Exercise brief -
Transcribe word for word the lines below from the line with "Women's Ugly Christmas" through the line with "死侍在黑色背景前，在啤酒桶旁用啤酒杯祝酒。 — 啤酒 壁紙", ends included.

────

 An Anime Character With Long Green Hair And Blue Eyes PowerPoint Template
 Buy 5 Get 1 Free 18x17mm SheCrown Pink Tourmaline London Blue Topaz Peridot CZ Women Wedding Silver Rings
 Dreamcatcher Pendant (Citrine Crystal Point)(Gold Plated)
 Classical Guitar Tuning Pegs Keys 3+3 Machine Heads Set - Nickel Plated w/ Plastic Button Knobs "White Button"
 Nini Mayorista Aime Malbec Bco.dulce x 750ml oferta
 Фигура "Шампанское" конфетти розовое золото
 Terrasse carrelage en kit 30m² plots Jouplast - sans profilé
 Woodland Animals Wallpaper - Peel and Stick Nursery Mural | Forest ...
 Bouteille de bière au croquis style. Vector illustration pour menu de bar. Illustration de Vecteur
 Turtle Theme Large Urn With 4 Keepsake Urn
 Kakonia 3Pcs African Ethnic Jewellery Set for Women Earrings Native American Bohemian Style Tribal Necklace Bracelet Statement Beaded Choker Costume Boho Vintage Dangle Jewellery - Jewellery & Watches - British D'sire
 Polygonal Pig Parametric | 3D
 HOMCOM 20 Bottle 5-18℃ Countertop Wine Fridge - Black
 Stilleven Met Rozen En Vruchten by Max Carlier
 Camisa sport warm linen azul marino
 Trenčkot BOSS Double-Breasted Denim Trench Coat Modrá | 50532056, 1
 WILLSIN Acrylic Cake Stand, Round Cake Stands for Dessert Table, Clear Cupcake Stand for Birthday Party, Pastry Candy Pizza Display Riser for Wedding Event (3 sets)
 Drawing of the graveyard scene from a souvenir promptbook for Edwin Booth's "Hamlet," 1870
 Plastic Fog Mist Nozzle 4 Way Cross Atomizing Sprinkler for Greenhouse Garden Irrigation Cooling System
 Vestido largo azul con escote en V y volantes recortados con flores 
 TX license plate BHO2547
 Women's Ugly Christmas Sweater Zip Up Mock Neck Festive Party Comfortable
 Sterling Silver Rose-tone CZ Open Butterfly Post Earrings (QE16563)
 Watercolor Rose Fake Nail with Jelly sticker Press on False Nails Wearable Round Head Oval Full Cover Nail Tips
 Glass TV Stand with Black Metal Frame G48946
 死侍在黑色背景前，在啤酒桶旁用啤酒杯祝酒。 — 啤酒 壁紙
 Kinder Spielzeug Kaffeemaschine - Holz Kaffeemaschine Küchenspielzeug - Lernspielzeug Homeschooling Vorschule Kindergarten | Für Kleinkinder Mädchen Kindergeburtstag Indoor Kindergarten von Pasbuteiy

────

Response -
 Women's Ugly Christmas Sweater Zip Up Mock Neck Festive Party Comfortable
 Sterling Silver Rose-tone CZ Open Butterfly Post Earrings (QE16563)
 Watercolor Rose Fake Nail with Jelly sticker Press on False Nails Wearable Round Head Oval Full Cover Nail Tips
 Glass TV Stand with Black Metal Frame G48946
 死侍在黑色背景前，在啤酒桶旁用啤酒杯祝酒。 — 啤酒 壁紙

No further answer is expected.